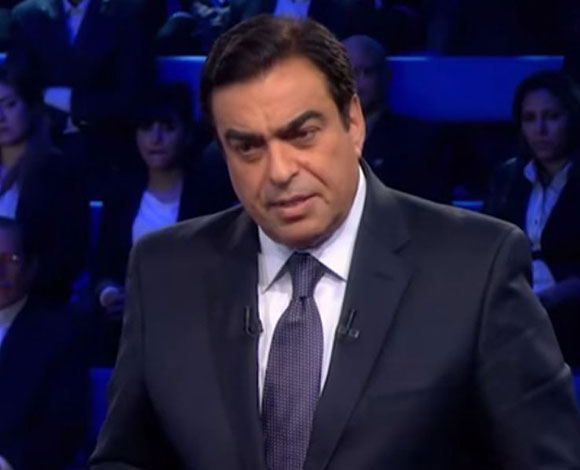 شاهد بالفيديو عراكاً بالأيدي بين ضيفي الإعلامي جورج قرداحي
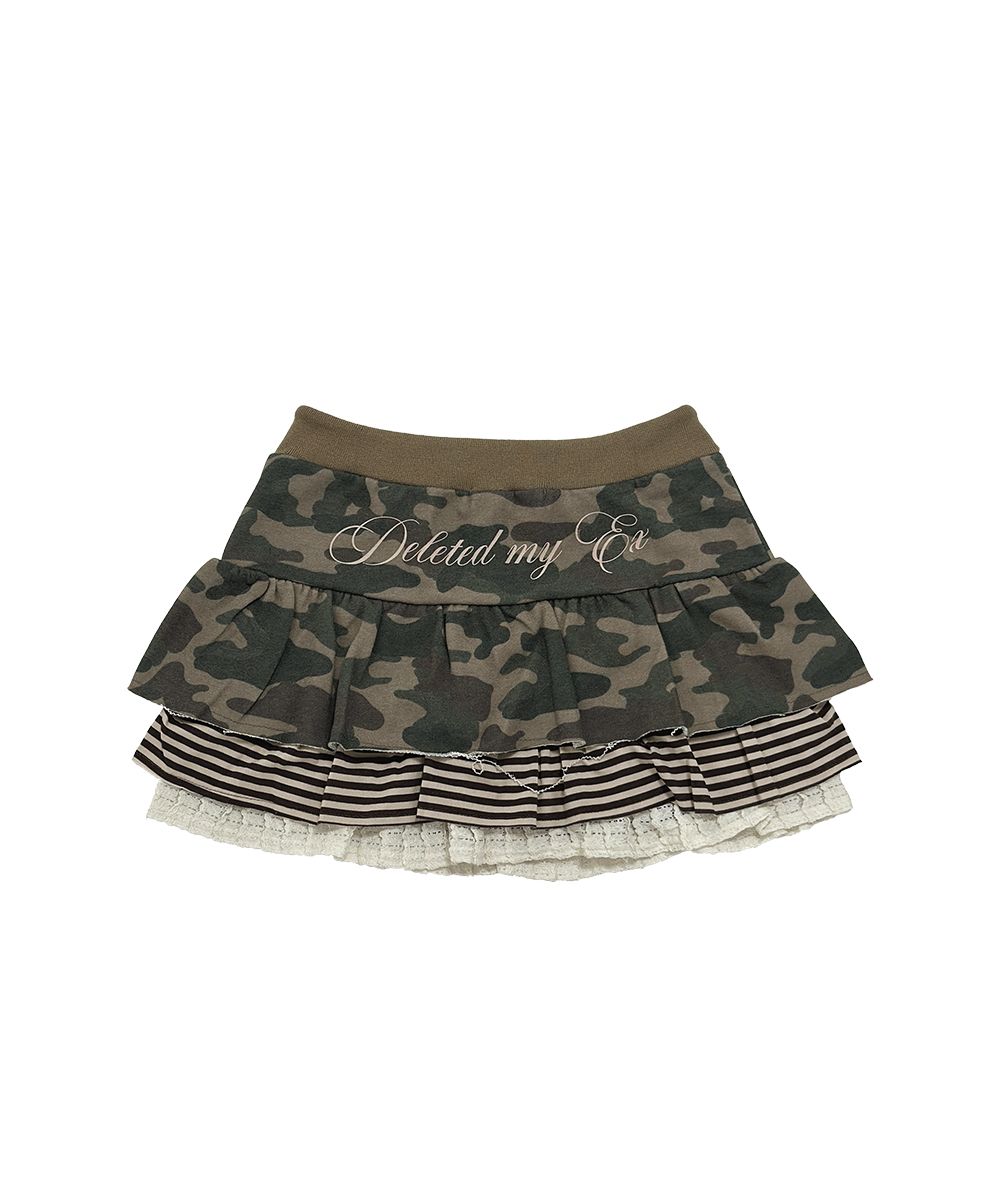 [GRAILZ] CAMO LAYERED SKIRT /追跡付 MUSINSA公式 | GRAILZ CAMO LAYERED SKIRT [CAMO]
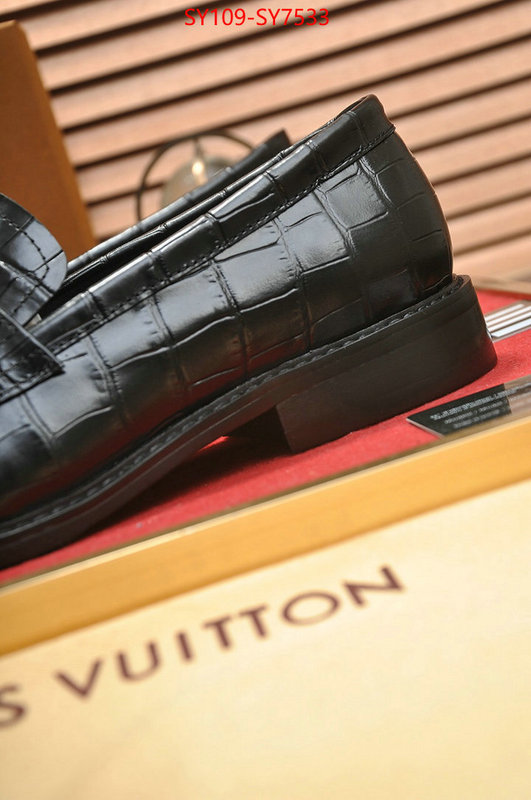 Men Shoes-LV outlet 1:1 replica ID: SY7533 $: 109USD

* _WORK TO BE COMPLETED_
What is needed is an exact restatement of the lines from the line with "[GRAILZ] CAMO LAYERED" through the final line of the data, pictures excluded.

* _WRITTEN RESPONSE_
 [GRAILZ] CAMO LAYERED SKIRT /追跡付 MUSINSA公式 | GRAILZ CAMO LAYERED SKIRT [CAMO]
 Men Shoes-LV outlet 1:1 replica ID: SY7533 $: 109USD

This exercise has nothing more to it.